Yes, but consider the Mozart/Schikaneder relationship in the film. Not only his his libretto specifically discussed (by Constanze, who derides it as 'ridiculous'), but he's depicted as an aesthetic influence on Mozart. He brings out an earthier side to Mozart's work (hinted at earlier when Mozart complains to the emperor, 'who wouldn't rather listen to his hairdresser than Hercules?), tells him at the vaudeville theater that 'you belong here, not at the snobby court,' and is seen actively participating in a rehearsal/party with the 'Magic Flute' cast. I think his powerful presence is as much worth commenting on as the absence of Da Ponte -- can't some of this disparity be accounted for by the fact that there's only so much you can cram into a single play/movie if you want to retain a realistic running time? Incidentally, the film does interesting things with the Earthy/Celestial, Life/Death dichotomy between Schikaneder and Salieri in the third act. Mozart confuses them when he hears ominous knocks at the door, and works himself to death to fulfill both of their commissions; and in a splendid bit of music editing, the playful overture to 'The Magic Flute' is merged with the terrifying 'Rex Tremendae' from the Requiem.
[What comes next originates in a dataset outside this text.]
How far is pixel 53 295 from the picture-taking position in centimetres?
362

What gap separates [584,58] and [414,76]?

(I also love the bit where the shrill mother-in-law morphs into the Queen of the Night, but that's another matter...)
Posted by: Gordon Cameron | February 08, 2012 at 11:08 AM
Thanks for joining in the AMADEUS blog-a-thon, Glenn. I'll have a fresh piece later in the week.
But for now, since you mention Lorenzo DaPonte, let me point out Carlos Saura's recent I, DON GIOVANNI, in which DaPonte is the central figure. In this version of non-history, the inspiration for DON GIOVANNI is Lorenzo's apparently legendary promiscuity, which got him exiled from Venice. And again, a scheming Salieri is the villain of the piece (he does the "good deed" of pulling strings to get DaPonte the commission with Mozart, convinced it'll never work and wreck Mozart). I like IDG quite a bit (never made US commercial distribution), but it's no AMADEUS.
Posted by: Victor Morton | February 08, 2012 at 01:23 PM
Slightly off-topic, but it makes me very sad that so many smart people only know Pushkin through Nabokov's terrible translations! Pushkin's poetry is like Mozart in verse---fast and breezy, but endlessly complex, and just plain pleasurable. Nabokov was a great writer, but he had an elaborate theory of translation which held that the word was more important than the line, and that attempts to make translations enjoyable are a betrayal of the translation's heavy lifting. So he produced translations that are useful as a crib for reading the Russian, but horrifically inaccurate when it comes to conveying the literary accomplishment of the source material---his Onegin makes on of the most purely enjoyable poems ever written feel like a thudding, ponderous mess. Seriously, there's loads of Pushkin translations out there, and just about any of them will give you a better feel for the bounce of his line, and the snappiness of his dialogue.
Posted by: That Fuzzy Bastard | February 08, 2012 at 03:59 PM
What I love about AMADEUS is that Salieri isn't Mozart's arch-rival or enemy; he's his biggest fan... and perhaps the only person who truly comprehends his genius. It's beautiful.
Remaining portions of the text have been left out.